#### [Aim of the task]
Restate word for word the lines below that run from the one holding "Ryan from Anderson" through the one holding "Diverse people working", inclusive. Pictures don't belong in the copy.

#### [Supplied material]
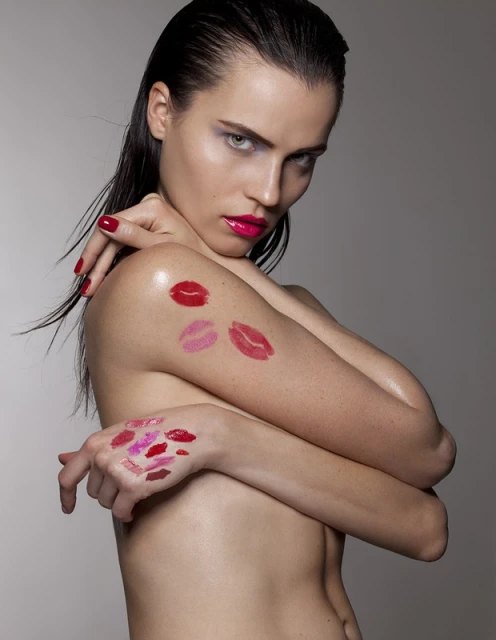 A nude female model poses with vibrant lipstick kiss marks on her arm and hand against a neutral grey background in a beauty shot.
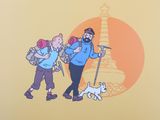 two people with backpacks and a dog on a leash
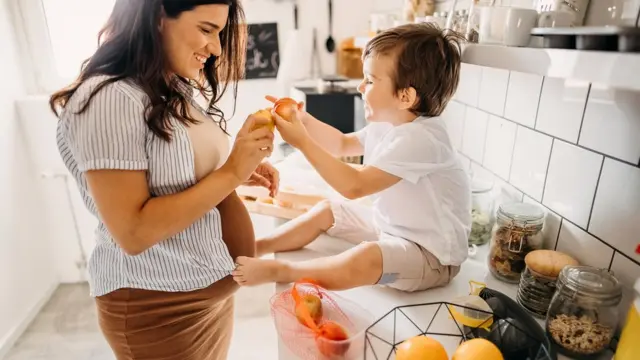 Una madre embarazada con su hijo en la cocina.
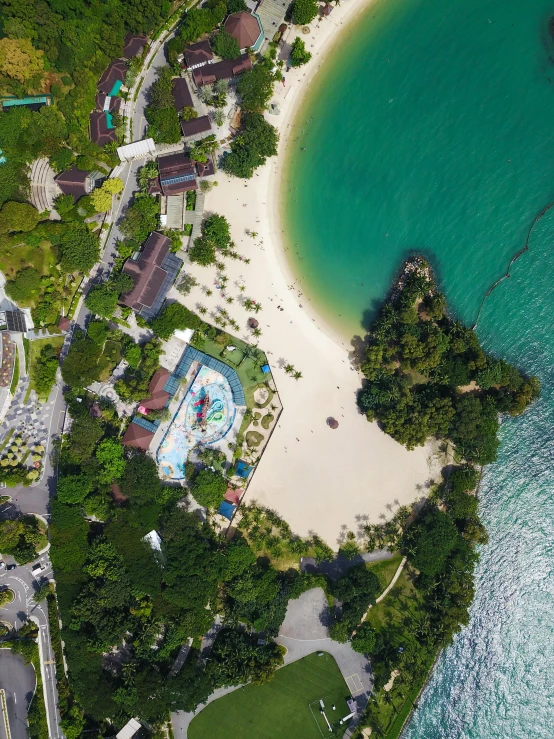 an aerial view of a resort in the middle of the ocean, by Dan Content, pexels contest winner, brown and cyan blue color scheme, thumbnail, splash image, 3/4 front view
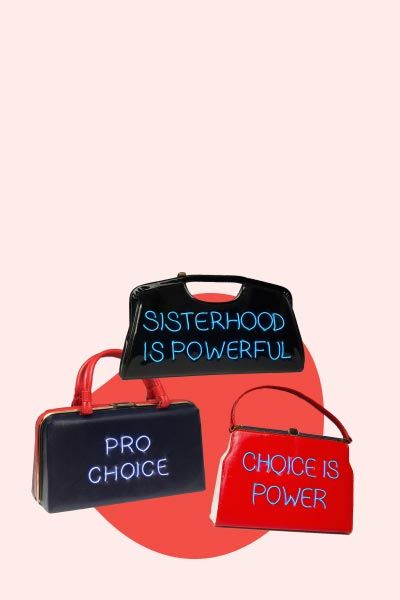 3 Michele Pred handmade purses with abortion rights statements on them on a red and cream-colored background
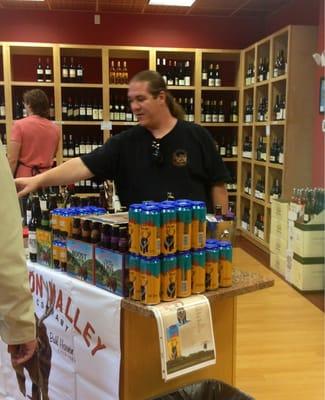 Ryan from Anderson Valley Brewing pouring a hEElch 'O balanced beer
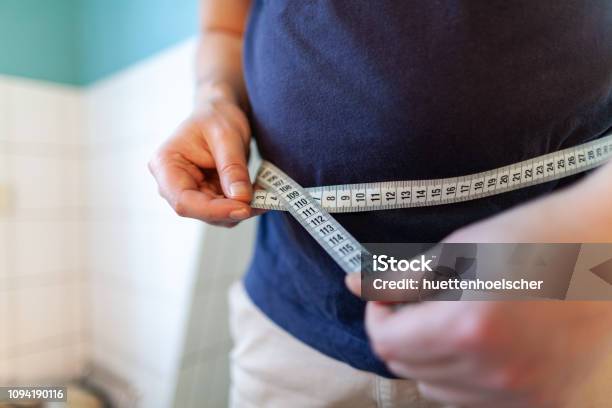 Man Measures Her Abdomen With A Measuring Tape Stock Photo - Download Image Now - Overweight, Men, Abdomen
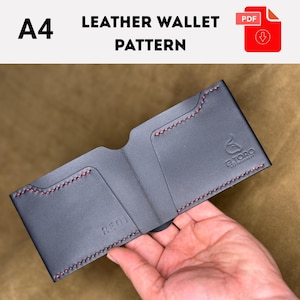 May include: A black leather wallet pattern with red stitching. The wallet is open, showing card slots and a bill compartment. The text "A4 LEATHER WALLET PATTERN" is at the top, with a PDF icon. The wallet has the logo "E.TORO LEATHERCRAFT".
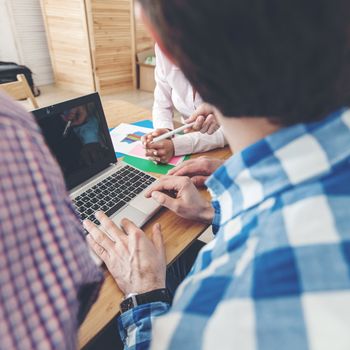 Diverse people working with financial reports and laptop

==

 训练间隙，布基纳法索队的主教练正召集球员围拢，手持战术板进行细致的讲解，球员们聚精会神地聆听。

#### [The answer]
 Ryan from Anderson Valley Brewing pouring a hEElch 'O balanced beer
 Man Measures Her Abdomen With A Measuring Tape Stock Photo - Download Image Now - Overweight, Men, Abdomen
 May include: A black leather wallet pattern with red stitching. The wallet is open, showing card slots and a bill compartment. The text "A4 LEATHER WALLET PATTERN" is at the top, with a PDF icon. The wallet has the logo "E.TORO LEATHERCRAFT".
 Diverse people working with financial reports and laptop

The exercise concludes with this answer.